Abstract: We propose and implement a Privacy-preserving Federated Learning ($PPFL$) framework for mobile systems to limit privacy leakages in federated learning. Leveraging the widespread presence of Trusted Execution Environments (TEEs) in high-end and mobile devices, we utilize TEEs on clients for local training, and on servers for secure aggregation, so that model/gradient updates are hidden from adversaries. Challenged by the limited memory size of current TEEs, we leverage greedy layer-wise training to train each model's layer inside the trusted area until its convergence. The performance evaluation of our implementation shows that $PPFL$ can significantly improve privacy while incurring small system overheads at the client-side. In particular, $PPFL$ can successfully defend the trained model against data reconstruction, property inference, and membership inference attacks. Furthermore, it can achieve comparable model utility with fewer communication rounds (0.54$\times$) and a similar amount of network traffic (1.002$\times$) compared to the standard federated learning of a complete model. This is achieved while only introducing up to ~15% CPU time, ~18% memory usage, and ~21% energy consumption overhead in $PPFL$'s client-side.

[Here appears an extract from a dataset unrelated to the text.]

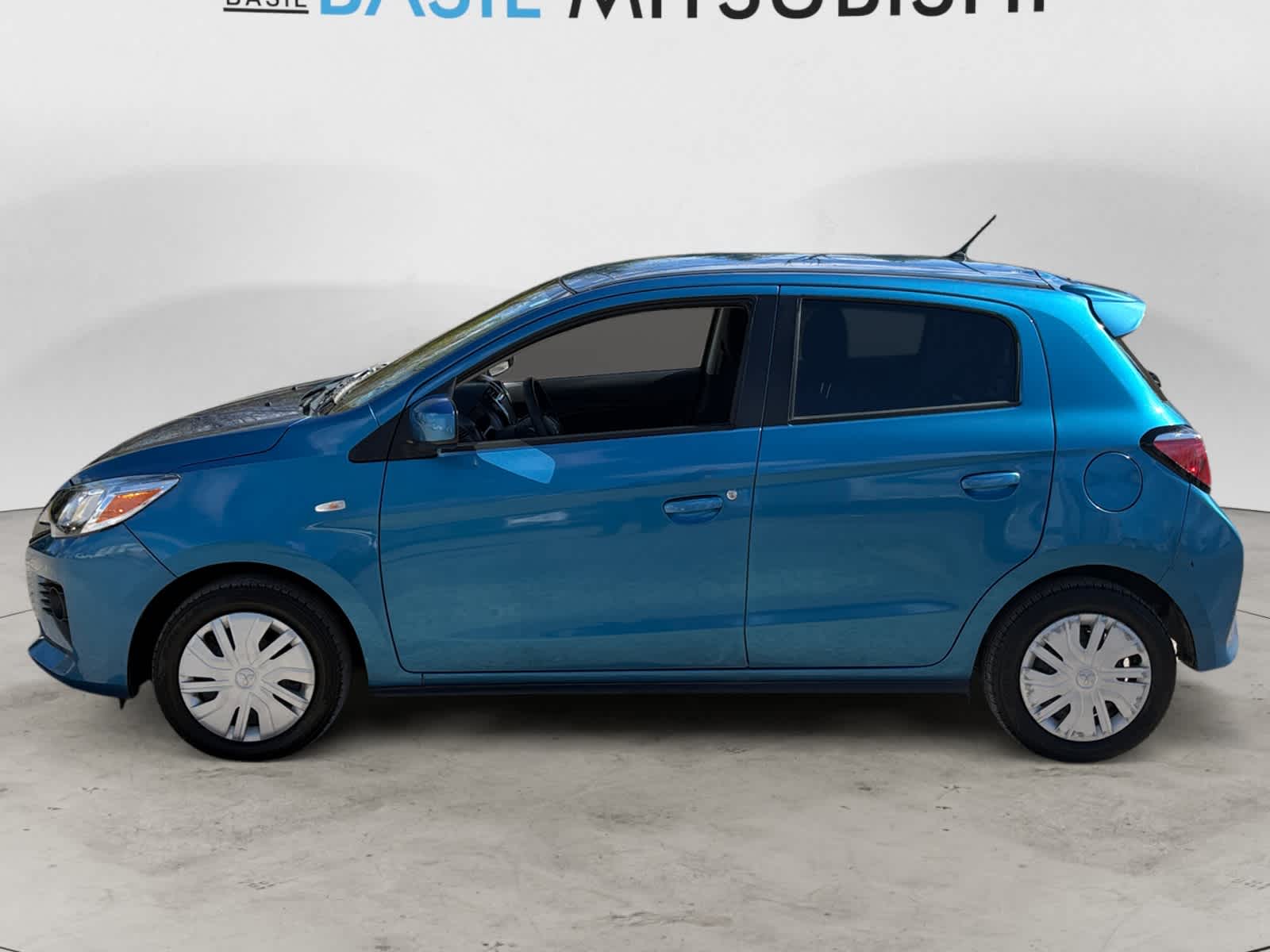 2024 Mitsubishi Mirage ES photo 2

• The paper introduces PPFL, a framework that leverages TEEs to secure local training and model aggregation in federated learning.
• It employs a greedy layer-wise training approach to overcome memory limitations of TEEs while maintaining competitive performance.
• Empirical results show reduced communication rounds and manageable overheads, highlighting PPFL’s potential for secure mobile systems.

Privacy-Preserving Federated Learning with Trusted Execution Environments

The paper introduces a framework named Privacy-preserving Federated Learning (PPFL) designed to enhance data privacy during federated learning (FL) on mobile systems. The proposed framework uses Trusted Execution Environments (TEEs), widely available in modern devices, to ensure security for both local training on client devices and model aggregation on servers. By structuring training around TEEs, PPFL addresses privacy leakages associated with federated learning.

Key Methodology and Innovations

1. Utilization of TEEs: The framework leverages the security capabilities of TEEs to create a trustworthy space for sensitive computations. Client-side TEEs are used for local training, while server-side TEEs manage secure aggregation of model updates. This setup helps conceal model gradients from adversaries who might otherwise exploit them to infer private information.
2. Greedy Layer-Wise Training: Given the memory limitations of current TEEs, PPFL employs a greedy layer-wise training approach. Each layer of the deep model is trained to convergence inside the TEE before moving to the next layer. This method ensures that all parts of the model benefit from the security offered by TEEs.
3. Performance Metrics: The PPFL system demonstrates competitive performance with fewer communication rounds (about 0.54 times) and similar network traffic (1.002 times) compared to conventional federated learning. System overheads are manageable, with CPU time, memory usage, and energy consumption increasing by about 15%, 18%, and 21% respectively.

Experimental Validation

The framework was implemented using Intel SGX for server-side processing and Arm TrustZone for clients, and empirically validated on different models and datasets such as LeNet on MNIST and AlexNet on CIFAR10. The experiments indicate that layer-wise training can achieve privacy protections against data reconstruction and inference attacks while maintaining model utility.

Implications and Future Work

The paper highlights that employing TEEs in federated learning can significantly mitigate privacy risks without compromising on performance. This has significant implications for mobile and distributed systems where data privacy is paramount. Future research could explore the combination of PPFL with other privacy-enhancing technologies such as differential privacy or homomorphic encryption to further strengthen the privacy-utility trade-off. Additionally, examining the application of PPFL principles to other machine learning architectures and tasks could broaden its utility across diverse domains.

Overall, PPFL represents a significant step toward practical privacy-preserving federated learning systems by combining innovative training methodologies with advanced hardware security features.